Sonax Perfect finish is, according to Tood Cooperide, very good polish for softer paints. http://esotericdetail.com/sonax-per...usa-exclusively-through-esoteric-auto-detail/

I, myself, have only used it on harder paints but also on my brilliant black Audi, who is a little bit on the soft side - not as soft as a blackhawk Honda - and it worked very good.

Softer paints is a challange, thats for sure. All polishes that you have mentioned can fill on softer paints and it's also hard to remove them if they are to oily; its easy to scratch the paint with the mf towel.


----------



## shaunwistow (May 13, 2011)

Used nanotech super gloss on mine recently Bob. S40 worked fine prior as well. Might be worth asking some pro's is those that have used a large collection of different polishes.


----------



## -Raven- (Aug 26, 2010)

205 works best out of that, S40, and 85rd, on my soft and sticky Honda paint. 

HD Polish is worth a look at as well if you can get your hands on it, as is Optimum Finish.


----------



## Spyco (Mar 24, 2011)

I take it you 'll be using a DA? Then I definitely agree with Megs 205, Rob. Make sure your technique is adjusted since the SMAT technology and the lubricants used, seem to work quite well on softer or stickier Honda type. 
But what do I know about FKs and FNs??


----------



## Twister (Jun 17, 2012)

+1 for HD polish.

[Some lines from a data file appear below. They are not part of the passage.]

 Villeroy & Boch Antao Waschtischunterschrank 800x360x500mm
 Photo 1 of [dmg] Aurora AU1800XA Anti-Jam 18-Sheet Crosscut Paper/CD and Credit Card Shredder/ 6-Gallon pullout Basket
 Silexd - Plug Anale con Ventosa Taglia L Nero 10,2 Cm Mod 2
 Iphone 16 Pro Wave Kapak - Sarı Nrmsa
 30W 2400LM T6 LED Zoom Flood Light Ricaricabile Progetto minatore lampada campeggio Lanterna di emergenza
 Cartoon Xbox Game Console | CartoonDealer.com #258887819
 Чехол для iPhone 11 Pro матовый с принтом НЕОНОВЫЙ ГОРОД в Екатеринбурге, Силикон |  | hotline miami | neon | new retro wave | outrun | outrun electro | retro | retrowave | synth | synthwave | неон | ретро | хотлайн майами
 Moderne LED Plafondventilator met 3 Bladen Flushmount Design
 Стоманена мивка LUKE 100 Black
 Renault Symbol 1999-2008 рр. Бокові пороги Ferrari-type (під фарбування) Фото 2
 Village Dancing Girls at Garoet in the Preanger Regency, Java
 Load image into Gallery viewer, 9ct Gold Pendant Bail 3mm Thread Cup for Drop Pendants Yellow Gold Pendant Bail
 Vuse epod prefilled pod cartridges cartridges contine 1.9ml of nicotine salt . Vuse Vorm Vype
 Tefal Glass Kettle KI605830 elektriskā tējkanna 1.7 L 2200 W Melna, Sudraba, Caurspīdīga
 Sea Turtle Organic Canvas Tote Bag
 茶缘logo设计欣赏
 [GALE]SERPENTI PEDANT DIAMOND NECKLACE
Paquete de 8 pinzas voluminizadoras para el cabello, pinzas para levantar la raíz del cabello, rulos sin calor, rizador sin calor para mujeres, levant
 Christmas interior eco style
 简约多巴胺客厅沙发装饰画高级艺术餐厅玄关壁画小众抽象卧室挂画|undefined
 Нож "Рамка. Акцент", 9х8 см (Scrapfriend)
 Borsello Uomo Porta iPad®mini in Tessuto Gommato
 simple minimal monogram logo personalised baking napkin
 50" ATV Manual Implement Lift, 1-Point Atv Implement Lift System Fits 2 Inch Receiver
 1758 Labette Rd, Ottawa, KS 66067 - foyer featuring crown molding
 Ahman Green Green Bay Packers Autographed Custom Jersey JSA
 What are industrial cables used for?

Finishes beautifully.


----------



## B17BLG (Jun 26, 2012)

Sorry to bump an old thread, I'm considering purchasing some of the above.

I was quite shocked to read that people we're looking at 205 on soft paints over S30/S40. Is this still the case?

The reasons for being drawn to S30/40 was the lack of dust that the compounds generate and the work time to jewel on soft paint.

The other option in Menz 85RD but again after reading this thread all thoughts went out the window


----------



## lowejackson (Feb 23, 2006)

Nothing wrong with 205 on soft paint however if you fancy the Scholl then buy some. 205/PO85/Optimum will all have very long work times with minimal dusting but if you like Scholl products then it must be worth buying more


----------



## Dave KG (Feb 23, 2006)

I used to love 205 on soft paint, on all paints I used it on in fact... a very long work time on its own, a little spritz of water and it had an exceptionally long work time for jewelling with a finishing pad - low machine speeds, slow movements and light pressure worked well for me though this was by rotary.


----------



## pawlik (May 16, 2011)

S30 and DJ Fin pads, the only combo witch I use last year on soft and sticky paint like Honda, Mitsubishi, Skoda...


----------



## B17BLG (Jun 26, 2012)

It's dust levels that concern me tbh guys, I could go as low as S40 if needs be!

I know 105 is very dusty due to its nature, also spritzing SMAT polishes, doesn't that increase its aggressiveness?

As said I'm open to ideas really?

I first started out with 105/205 combo and moved onto scholl, it's just comparing the dust levels really as I'd like the jewelling process to be as slick as possible!


----------



## lowejackson (Feb 23, 2006)

I do not remember ever getting any dust with 205 or the Menz or indeed with any Optimum polishes. I have not tried any Scholl products but as Dave KG suggests, work slowly with light pressure and the gloss should improve


----------



## Flakey (May 5, 2013)

Scholl S40 is grit 5000 so may be different from the others. Haven't tried it yet by Scholl makes very good and very different polishes from others.


----------



## Dave KG (Feb 23, 2006)

Spritzing lengthens the work time... the bigger increases in cut from #205 will come from increasing the working pressure or using a more aggressive pad rather than spritzing... you could spritz to increase the work time and use light pressure to jewel. I find the cut is mainly pressure and pad dependent. 

Also, I have not really experienced large amounts of dust from #205, maybe a little from #105, but not enough to concern me...


----------



## moosh (May 8, 2011)

Spritzing also helps use all of the product and keeps your pads cleaner so dust levels are reduced. I find the pads stay cleaner for longer :thumb:


----------